If we have a real vector space $E$ and some inner product $g$, then we can always project any 2nd order tensor onto three subspaces invariant under automorphisms of $E$.
These projections represent its trace, its antisymmetric part and its traceless symmetric part. For a generic tensor, this decomposition looks like
$$T_{ij}= \frac{1}{3}T^k{}_k\space g_{ij}+T_{[ij]}+\left(T_{(ij)} - \frac{1}{3}T^k{}_k\space g_{ij}\right).$$
If we do this to the covariant derivative of a vector field $\left.\vec{v}\right|_P\in T_P\mathbb{R}^3$, we find
$$v_{i;j} = \nabla_{j\space}v_i = \frac{1}{3}g_{ij}(\text{div}\space \vec{v}) + \frac{1}{2}\varepsilon_{ijk}g^{k\ell}(\text{curl}\space\vec{v})_\ell + \frac{1}{2}(\text{shear}\space\vec{v})_{ij}.$$
Now, we can also find the divergence and the curl of a 1st order tensor field using the exterior derivative and the Hodge star thingie (which incorporates the dependence on the metric of these):
$$\text{div}=\star\space\text{d}\space\star,\space\space\space\space\space\text{curl}=\star\space\text{d}$$
This makes sense because the divergence is a scalar field and the curl is a (pseudo)vector field, and both are differential forms (antisymmetric covariant tensor fields) when they have their indices lowered.

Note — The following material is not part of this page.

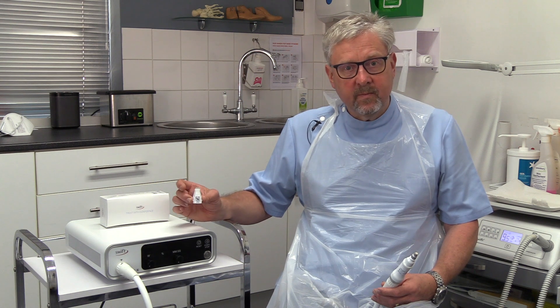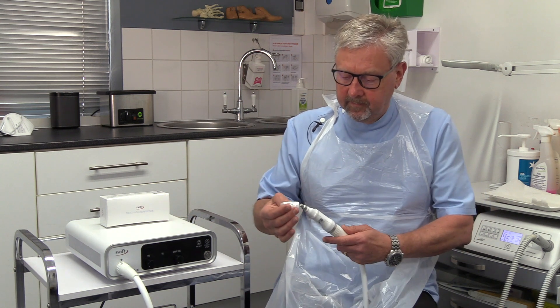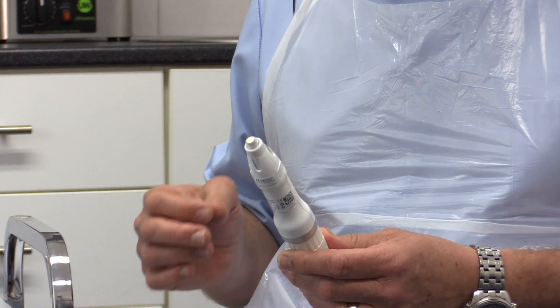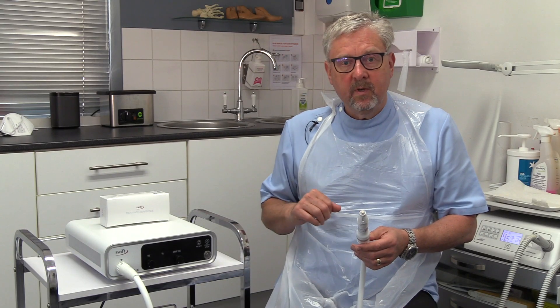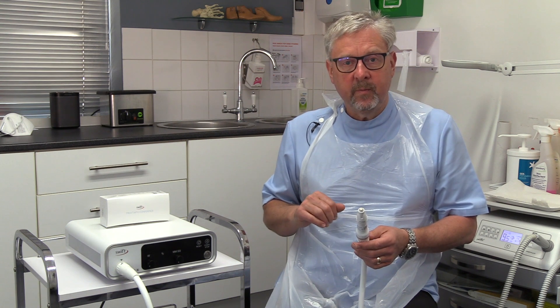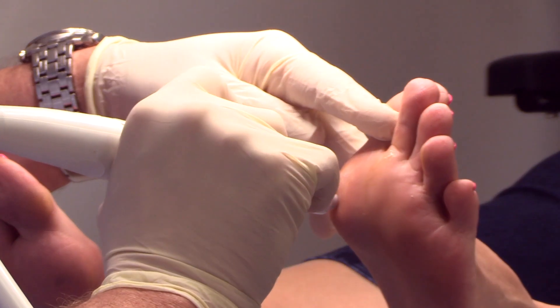Each patient has a fresh tip applicator, and each applicator lasts for fifteen minutes. This means that when using Swift, you can treat as many sites as you can manage within that fifteen minute period. So if somebody has multiple verrucas, we can treat multiple sites.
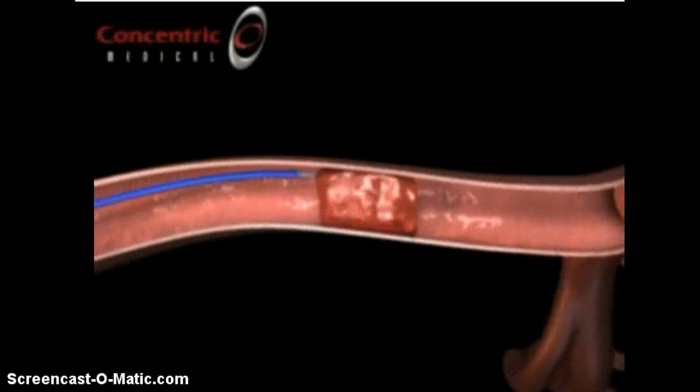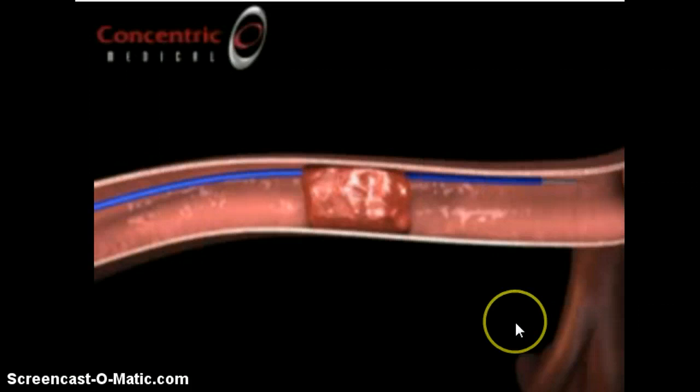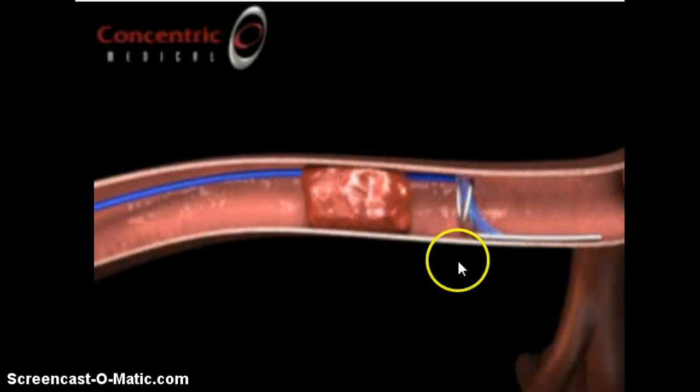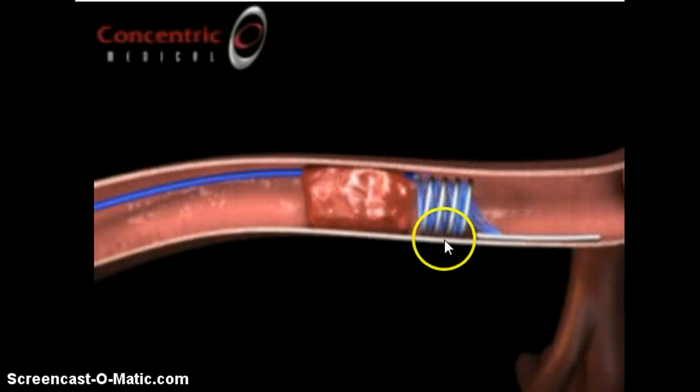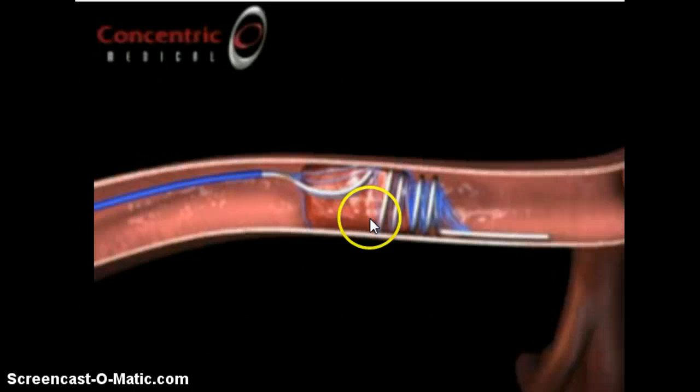Here's a video found on YouTube that would fall under the other category. They've got this wire going through, then they remove the catheter, and look what the wire does — it coils, forming a shape where it can catch the thrombus and pull it out.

The shear, though, is a symmetric 2nd order tensor field, so it couldn't possibly be a differential 2-form(... couldn't it?)
My questions are:
- Is everything I just said true?
- If so, how comes the flux and circulation of a vector field around a point are related to differential forms, but not its shear?
- Does this have something to do with the fact that the shear isn't usually taught in undergrad physics, math and engineering courses? (Besides the fact that, you know, it's a 2nd order tensor and nobody wants to deal with those if it's not necessary.)
EDIT: any insight on the shear would be helpful. Knowing its relation to things like Stokes' theorem and theorems alike, or the Helmholtz decomposition theorem (something to be answered here, maybe: Why is shear missing in Helmholtz theorem?) would be nice, even if it doesn't completely answer my original ---and maybe too broad--- question.